Thursday, March 7, 2019
Today on the Courts Law section of JOTWELL is Roger Michalski’s essay, A Primer on Opioid-Epidemic Litigation. Roger reviews a recent article by Abbe Gluck, Ashley Hall & Gregory Curfman, Civil Litigation and the Opioid Epidemic: The Role of Courts in a National Health Crisis, 46 J.L. Med. & Ethics 351 (2018).
Wednesday, March 6, 2019
Linda Mullenix has published Policing MDL Non-Class Settlements: Empowering Judges Through the All Writs Act, 37 Rev. Litig. 129 (2018). Here’s the abstract:
Commentators have identified that one of the most significant problems in current MDL practice is the lack of judicial authority over non-class aggregate settlements. This paper explores the use of the All Writs Act to provide MDL judges with robust authority to manage, supervise, and ultimately review non-class aggregate deals that are the object of much recent criticism. It rejects the thesis that judicial supervision of non-class settlements is unwarranted because these deals are contractual, and that oversight therefore removes claimant autonomy and damages the adversarial system. Several MDL judges already have invoked the All Writs Act to police parallel class action settlements that might jeopardize pending MDL negotiations. This paper explores and endorses the argument that MDL judges may, with equal force, exercise power pursuant to the All Writs Act to police pending non-class settlements in their jurisdiction.
As the MDL non-class settlement paradigm has evolved, some MDL judges have sought to intervene in settlement activities by invoking authority pursuant to three theories: (1) the quasi-class action, (2) the inherent powers of the court, and (3) the All Writs Act.
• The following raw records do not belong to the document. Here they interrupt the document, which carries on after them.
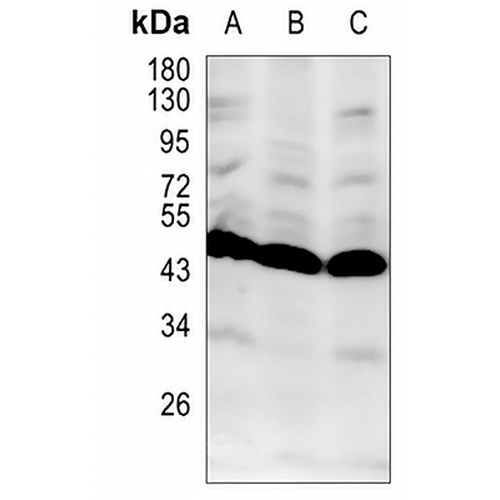 IKB beta Rabbit Monoclonal Antibody(C1284)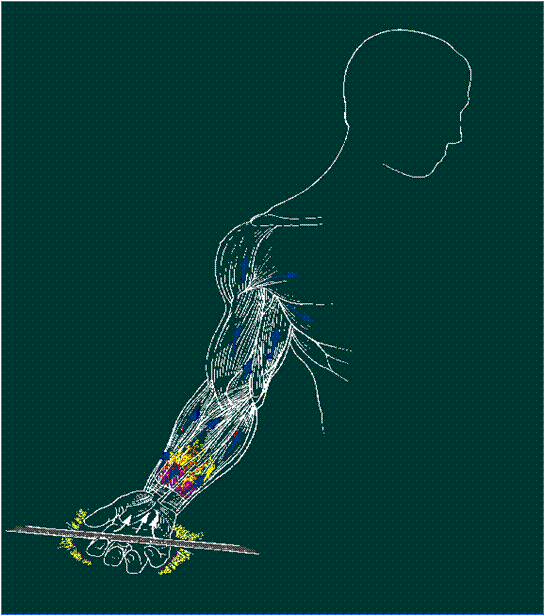 Chicago Electrical Trauma Rehabilitation Institute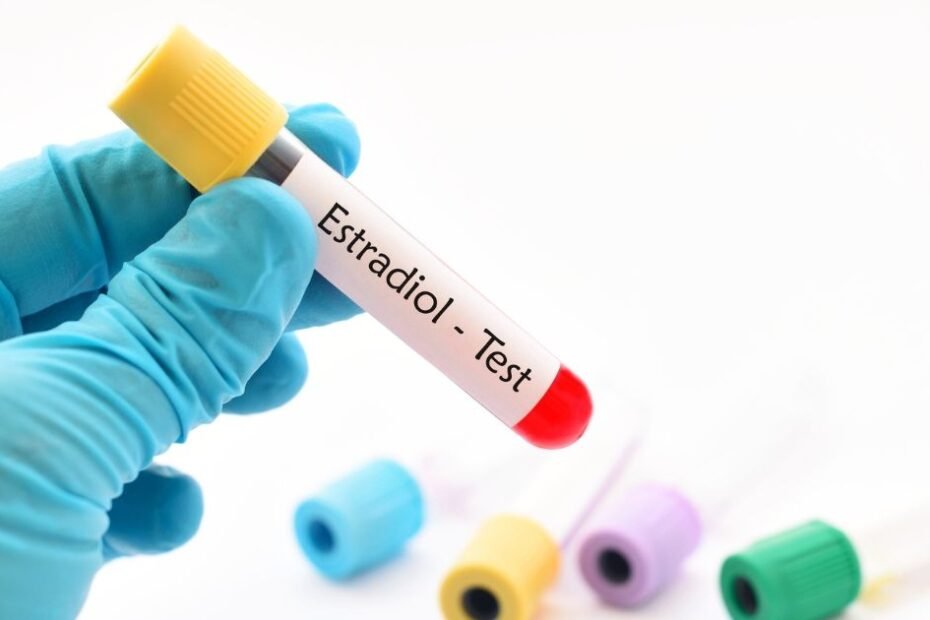 exame de estradiol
As critics note, the quasi-class action and inherent judicial power have provided weak support for judicial intervention in non-class aggregate settlements. But to date, commentators have paid scant attention to judicial power under the All Writs Act or its use in MDL proceedings.
Thursday, February 28, 2019
Today on the Courts Law section of JOTWELL is Jasminka Kalajdzic’s essay, In Praise of Non-Partisan Law Reform of Class Actions. Jasminka reviews Howard Erichson’s recent article, Civil Litigation Reform in the Trump Era: Threats and Opportunities Searching for Salvageable Ideas in FICALA, 87 Fordham L. Rev. 19 (2018).
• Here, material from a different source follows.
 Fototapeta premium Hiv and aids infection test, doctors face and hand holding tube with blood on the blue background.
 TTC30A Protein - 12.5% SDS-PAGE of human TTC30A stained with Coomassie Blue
Wednesday, February 13, 2019
Today on the Courts Law section of JOTWELL is Jay Tidmarsh’s essay Building a Better Mousetrap. Jay reviews a recent book by Christopher Hodges & Stefaan Voet, Delivering Collective Redress: New Technologies (2018).
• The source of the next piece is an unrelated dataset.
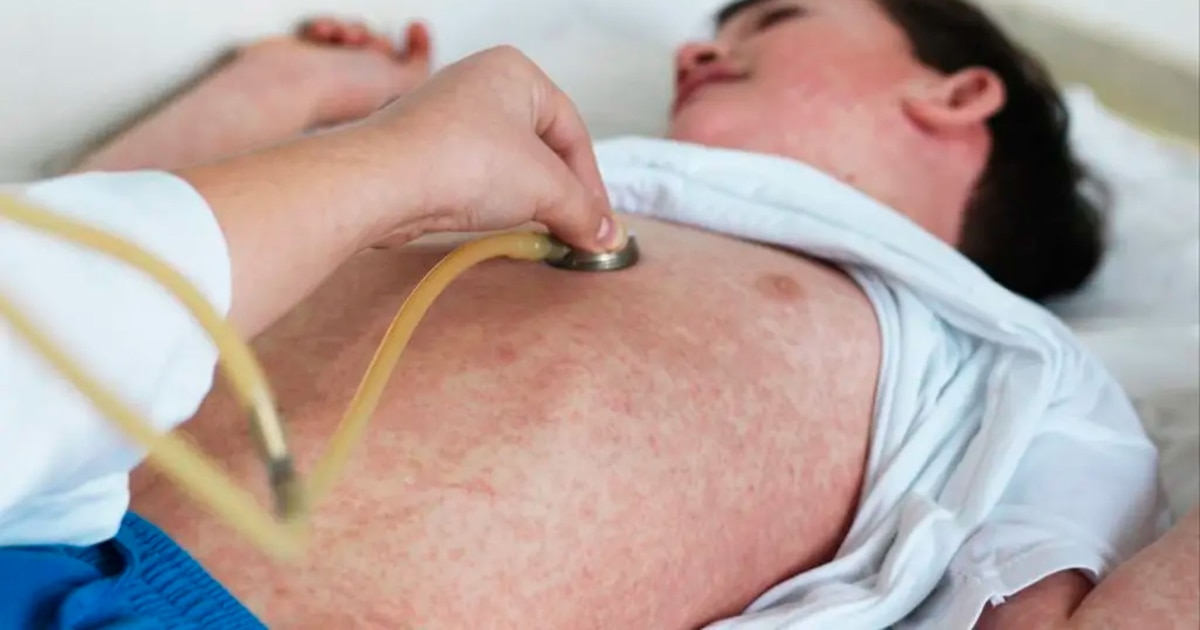 Alerta Roja por Sarampión en Argentina: Autoridades Investigan Centenares de Sospechosos Casos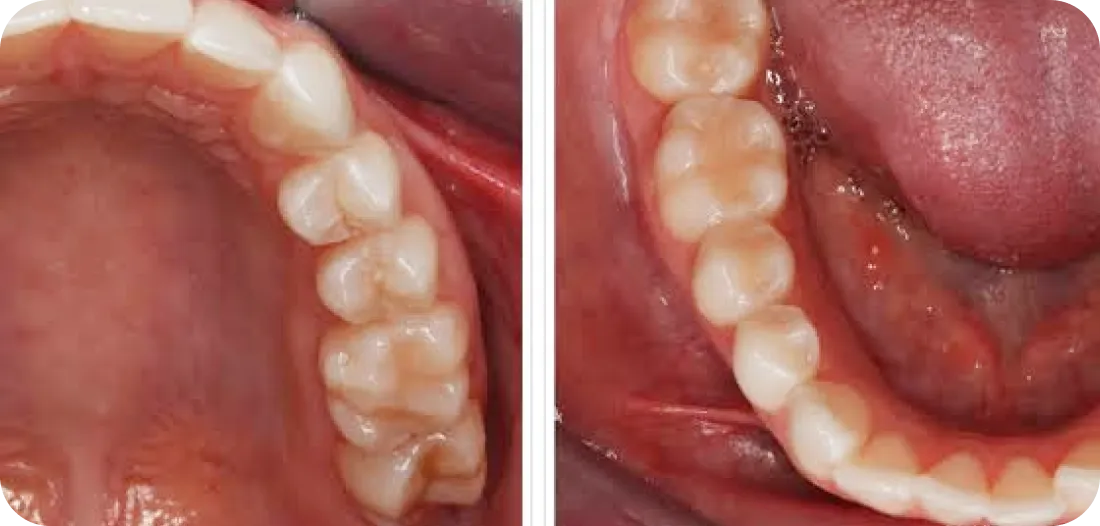 Encino Dental Esthetics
Thursday, January 31, 2019
Rhonda Wasserman has posted on SSRN her article, Ascertainability: Prose, Policy, and Process, 50 Conn. L. Rev. 695 (2018). Here’s the abstract:
One of the most hotly contested issues in class action practice today is ascertainability – when and how the identities of individual class members must be ascertained. The courts of appeals are split on the issue, with courts in different circuits imposing dramatically different burdens on putative class representatives. Courts adopting a strict approach require the class representative to prove that there is an administratively feasible means of determining whether class members are part of the class. This burden may be insurmountable in consumer class actions because people tend not to save receipts for purchases of low-cost consumer goods, like soft drinks and snacks and have no other objective proof of their membership in the class. Thus, in circuits adopting the strict approach, class certification may be denied, whereas in other circuits, the same class may be certified. Notwithstanding the circuit split on this critical issue, the Supreme Court has denied several petitions for writs of certiorari raising the issue; the Senate has failed to act on a bill passed by the House to address it; and the Advisory Committee has placed the issue on hold. Given the current state of disuniformity and the resultant inequitable administration of the laws, the time is ripe to address the issue.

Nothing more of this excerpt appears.